• [Work to be completed] For this exercise, the lines from the one with "Le Creuset Signature" through the end of the material below must be output exactly, without pictures.

• [Material for the task]
# # # # # # #

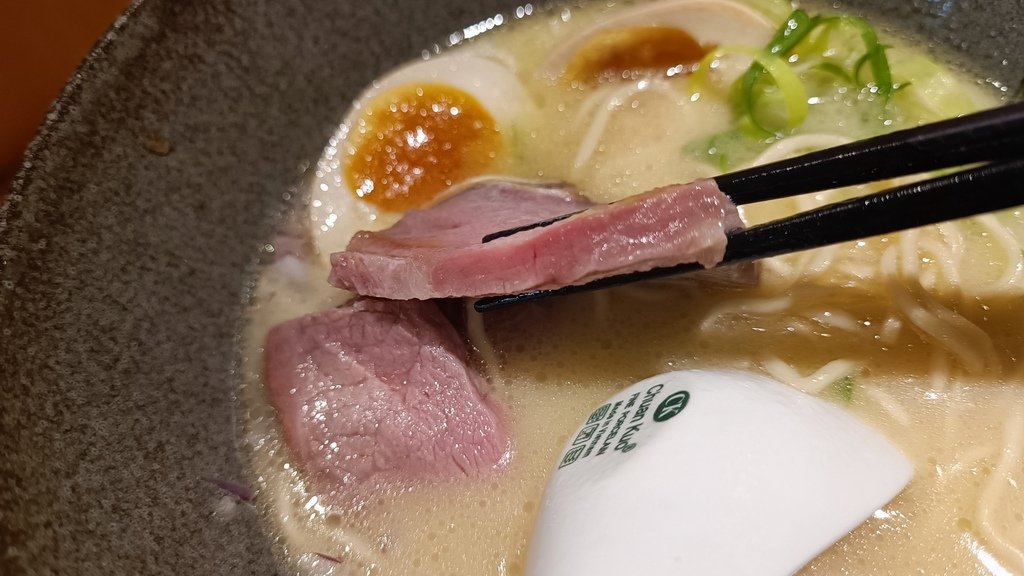 【台北大安】神無月拉麵(らぁ麺 神無月)、牛骨濃湯爽口好喝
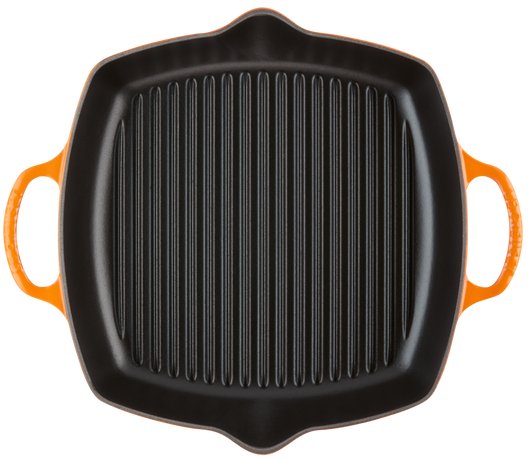 Le Creuset Signature Dyb Grillpande 30 cm, Volcanic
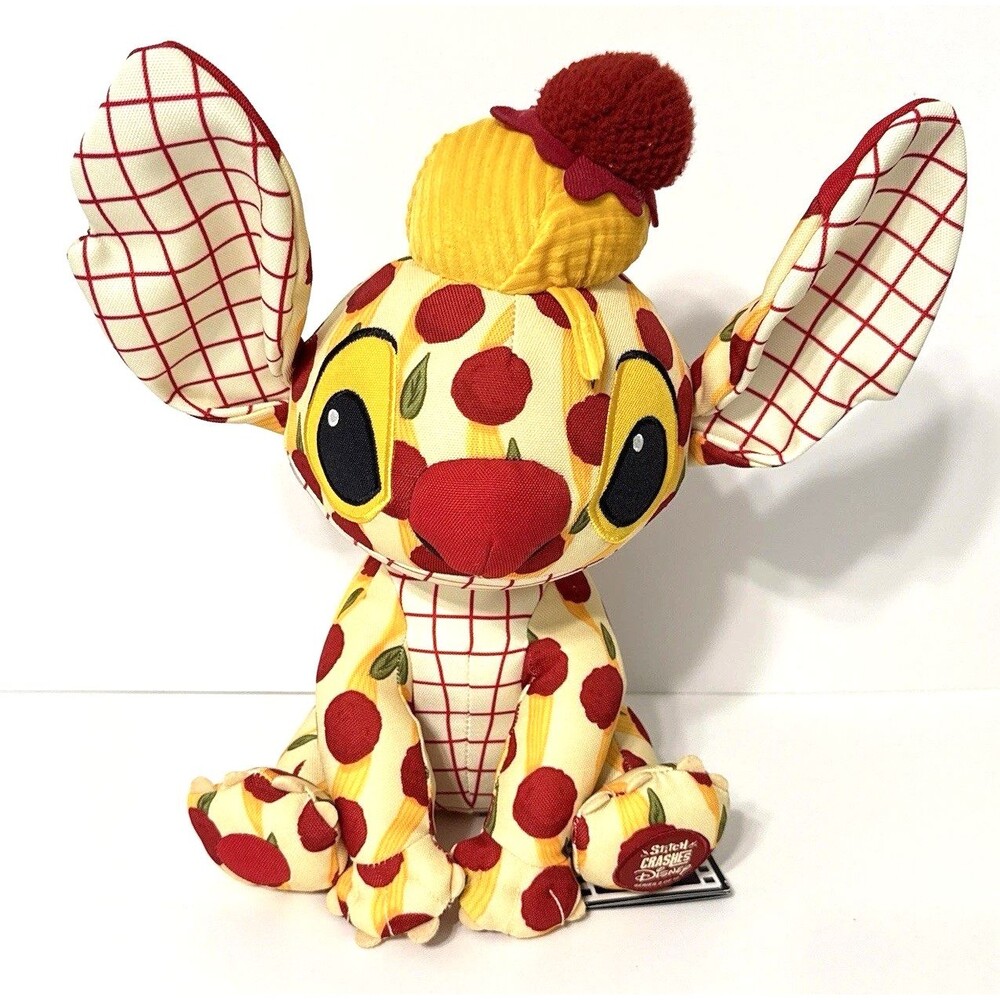 Stitch Plush Disney Crashes Lady The Tramp Spaghetti 2021 Limited Release 2/12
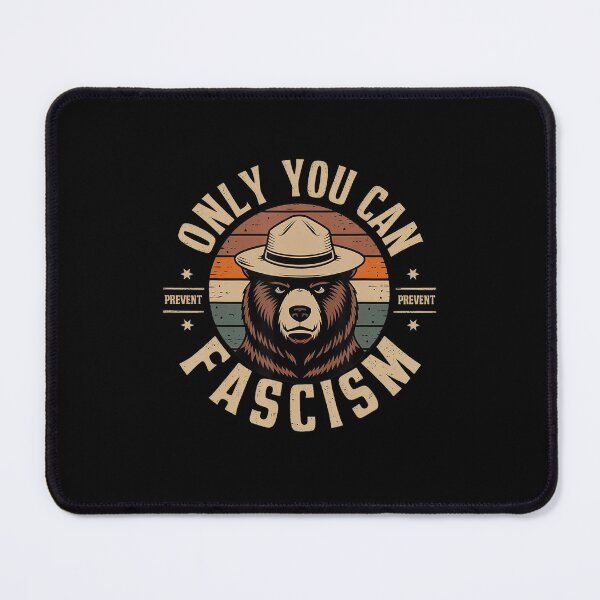 Item preview, Only You Can Prevent Fascism Popular designed and sold by GrulkeNedrow.
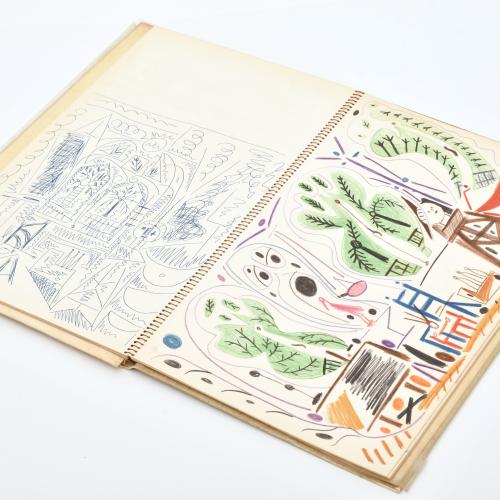 "Picasso's Sketchbook”, 1960.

# # # # # # #

• [Task result]
 Le Creuset Signature Dyb Grillpande 30 cm, Volcanic
 Stitch Plush Disney Crashes Lady The Tramp Spaghetti 2021 Limited Release 2/12
 Item preview, Only You Can Prevent Fascism Popular designed and sold by GrulkeNedrow.
 "Picasso's Sketchbook”, 1960.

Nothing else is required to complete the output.